• **ABOUT THIS EXERCISE**: Take from the entries below the stretch from the line with "And did you" through the line with "Hey, this is", and return it exactly, leaving the pictures out.
==== DATA FOR THIS TASK
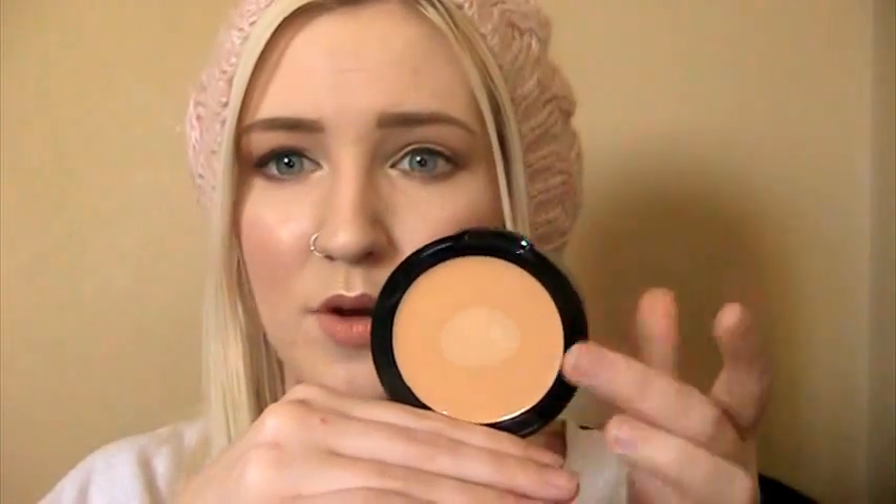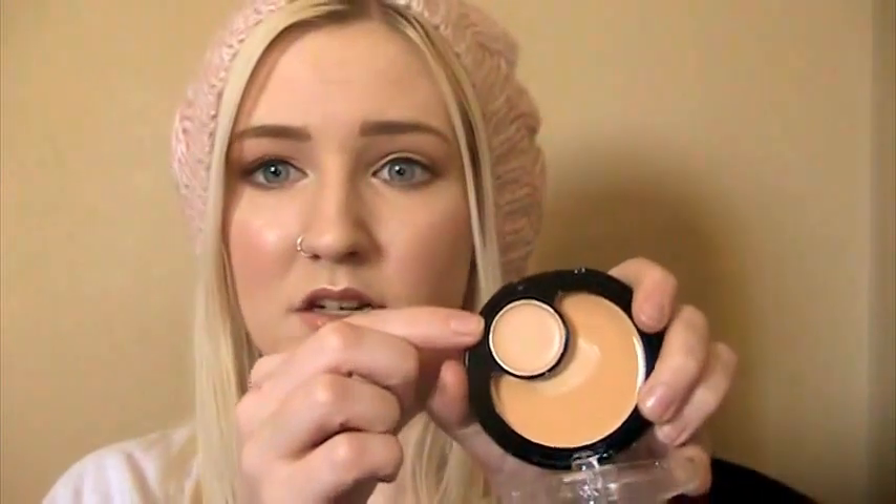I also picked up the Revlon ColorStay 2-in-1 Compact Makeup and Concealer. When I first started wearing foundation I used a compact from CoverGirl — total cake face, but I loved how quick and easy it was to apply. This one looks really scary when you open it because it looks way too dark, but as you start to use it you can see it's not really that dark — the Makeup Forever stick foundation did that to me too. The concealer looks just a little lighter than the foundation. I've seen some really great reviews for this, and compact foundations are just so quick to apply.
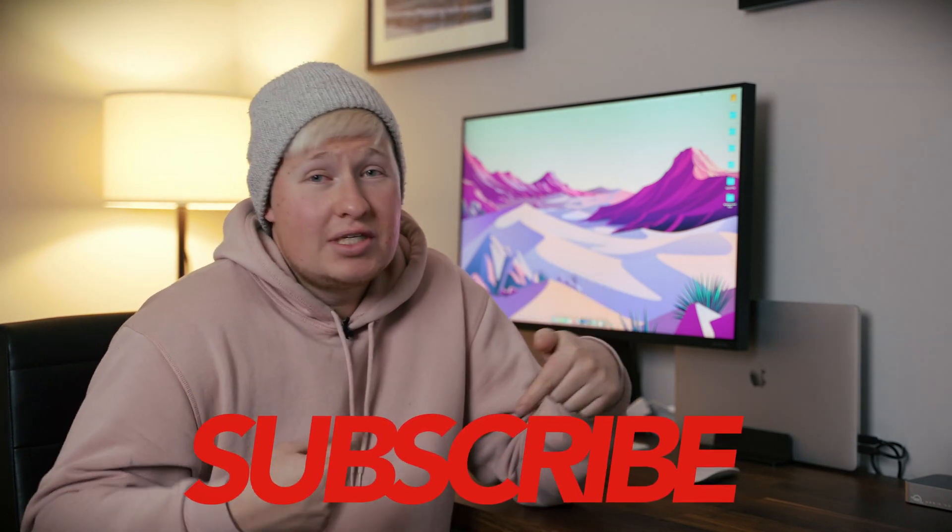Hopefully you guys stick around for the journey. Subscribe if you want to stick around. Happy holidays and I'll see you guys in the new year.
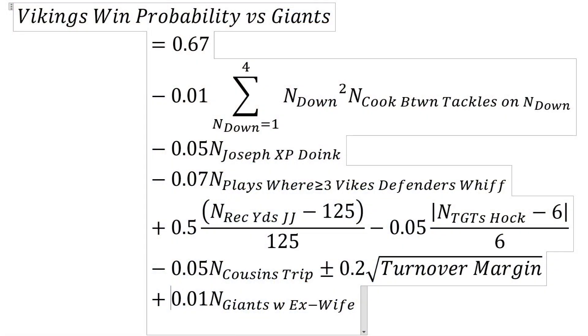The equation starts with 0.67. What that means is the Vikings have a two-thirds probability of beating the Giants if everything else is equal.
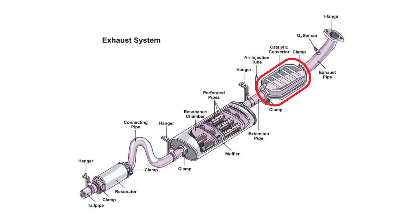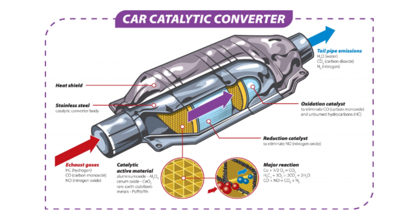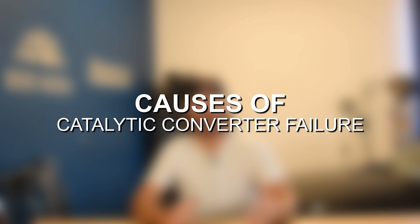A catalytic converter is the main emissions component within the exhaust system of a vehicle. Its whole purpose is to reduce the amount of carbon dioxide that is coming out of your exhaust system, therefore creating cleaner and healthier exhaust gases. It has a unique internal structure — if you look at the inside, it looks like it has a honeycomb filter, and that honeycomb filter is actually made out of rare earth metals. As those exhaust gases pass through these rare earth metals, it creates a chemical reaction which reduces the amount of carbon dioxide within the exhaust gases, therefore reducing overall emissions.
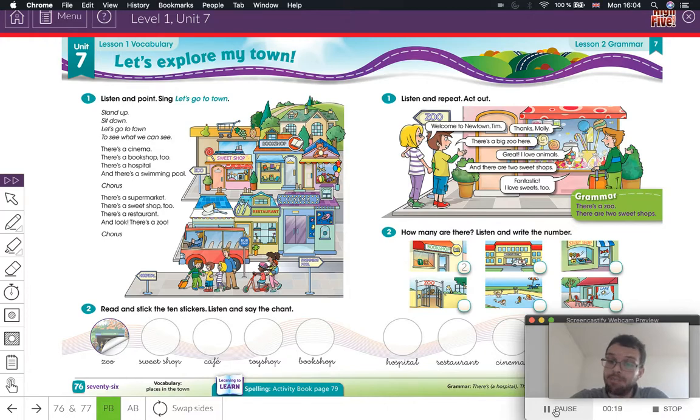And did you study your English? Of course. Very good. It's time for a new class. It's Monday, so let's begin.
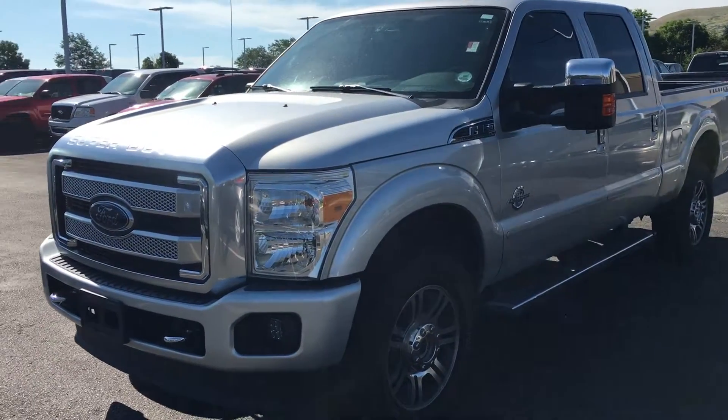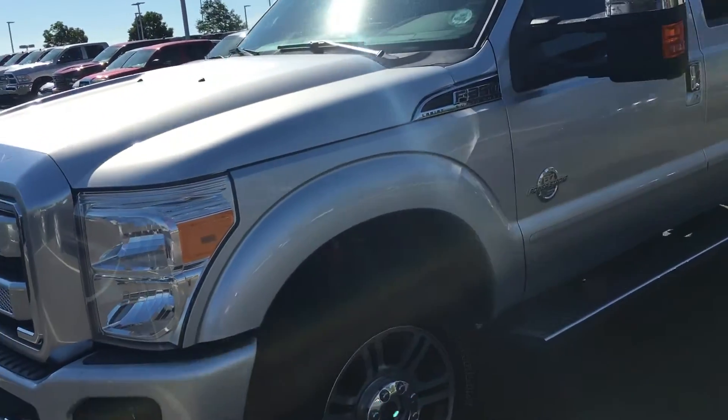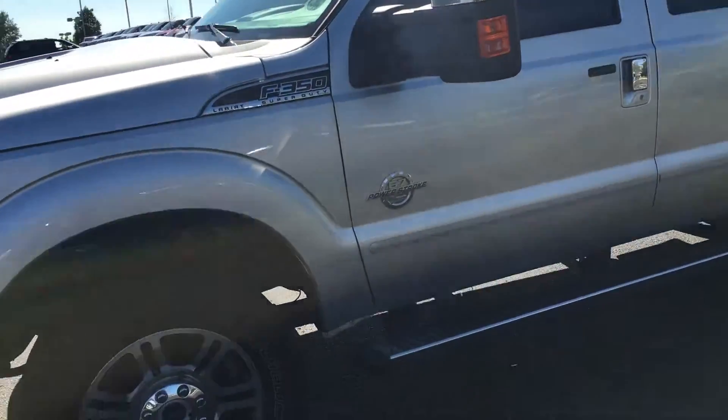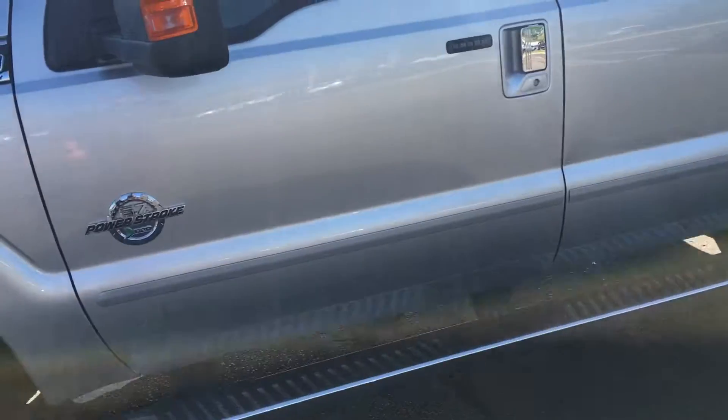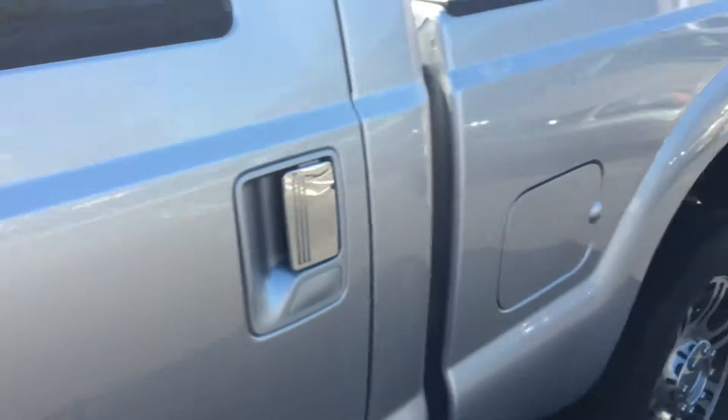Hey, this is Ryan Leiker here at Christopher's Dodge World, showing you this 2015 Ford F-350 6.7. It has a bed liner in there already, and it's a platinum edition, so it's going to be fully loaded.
========
==== DATA FOR THIS TASK
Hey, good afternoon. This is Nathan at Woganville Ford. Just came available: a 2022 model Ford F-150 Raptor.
========
• **WRITTEN SOLUTION**:
And did you study your English? Of course. Very good. It's time for a new class. It's Monday, so let's begin.
Hey, this is Ryan Leiker here at Christopher's Dodge World, showing you this 2015 Ford F-350 6.7. It has a bed liner in there already, and it's a platinum edition, so it's going to be fully loaded.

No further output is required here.